EXERCISE AIM :: The answer must reproduce all of the data below exactly and contain no images.

Captioned web images ::
== Segment start ==

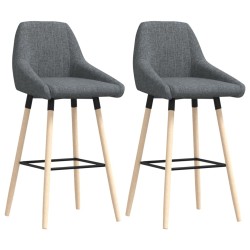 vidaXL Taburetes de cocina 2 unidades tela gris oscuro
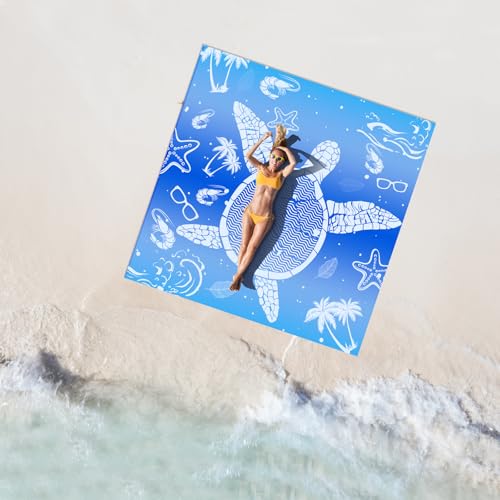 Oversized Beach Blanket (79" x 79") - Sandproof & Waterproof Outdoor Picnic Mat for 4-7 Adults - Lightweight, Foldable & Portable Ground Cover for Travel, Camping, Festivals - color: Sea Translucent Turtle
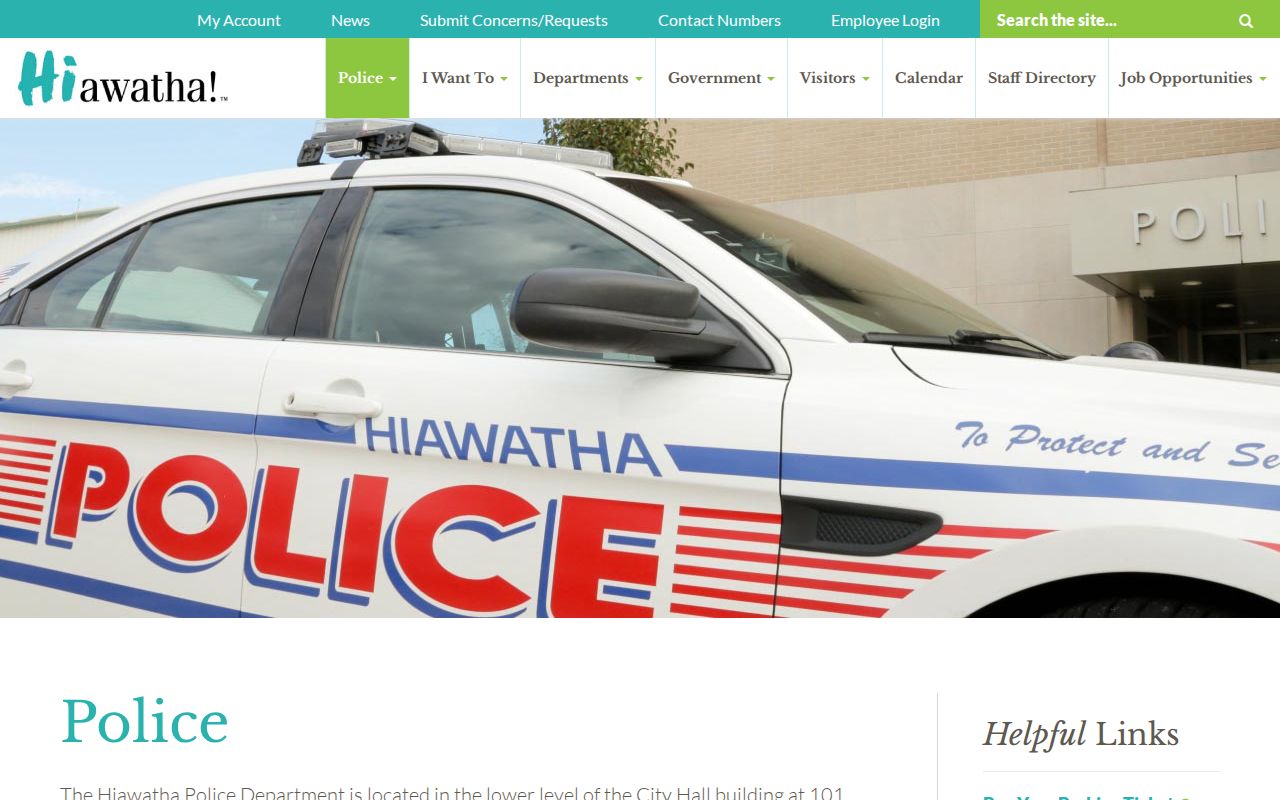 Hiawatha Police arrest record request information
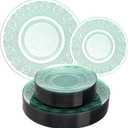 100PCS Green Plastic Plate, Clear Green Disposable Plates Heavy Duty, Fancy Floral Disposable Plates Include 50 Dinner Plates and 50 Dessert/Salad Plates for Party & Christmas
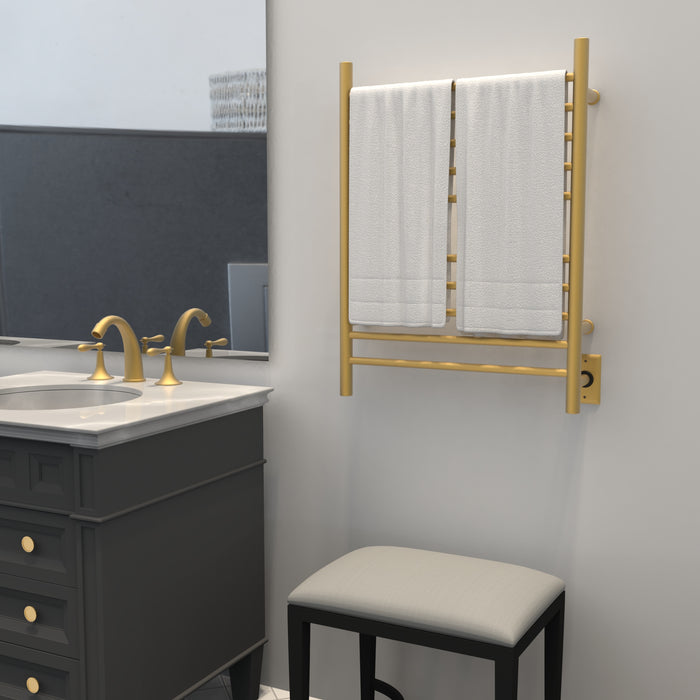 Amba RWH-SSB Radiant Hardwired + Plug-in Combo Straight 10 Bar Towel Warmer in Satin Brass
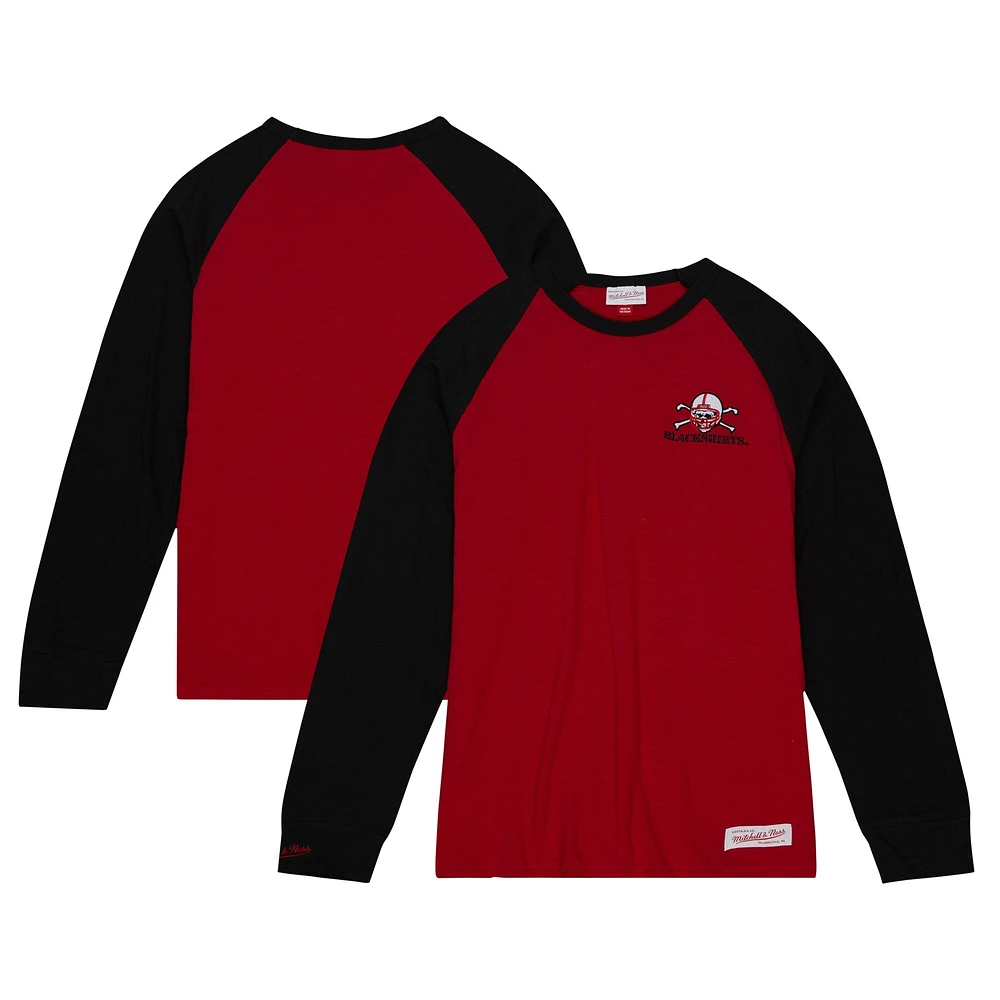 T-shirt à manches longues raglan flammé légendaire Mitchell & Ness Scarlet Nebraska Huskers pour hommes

== Segment end ==

WORKED SOLUTION ::
 vidaXL Taburetes de cocina 2 unidades tela gris oscuro
 Oversized Beach Blanket (79" x 79") - Sandproof & Waterproof Outdoor Picnic Mat for 4-7 Adults - Lightweight, Foldable & Portable Ground Cover for Travel, Camping, Festivals - color: Sea Translucent Turtle
 Hiawatha Police arrest record request information
 100PCS Green Plastic Plate, Clear Green Disposable Plates Heavy Duty, Fancy Floral Disposable Plates Include 50 Dinner Plates and 50 Dessert/Salad Plates for Party & Christmas
 Amba RWH-SSB Radiant Hardwired + Plug-in Combo Straight 10 Bar Towel Warmer in Satin Brass
 T-shirt à manches longues raglan flammé légendaire Mitchell & Ness Scarlet Nebraska Huskers pour hommes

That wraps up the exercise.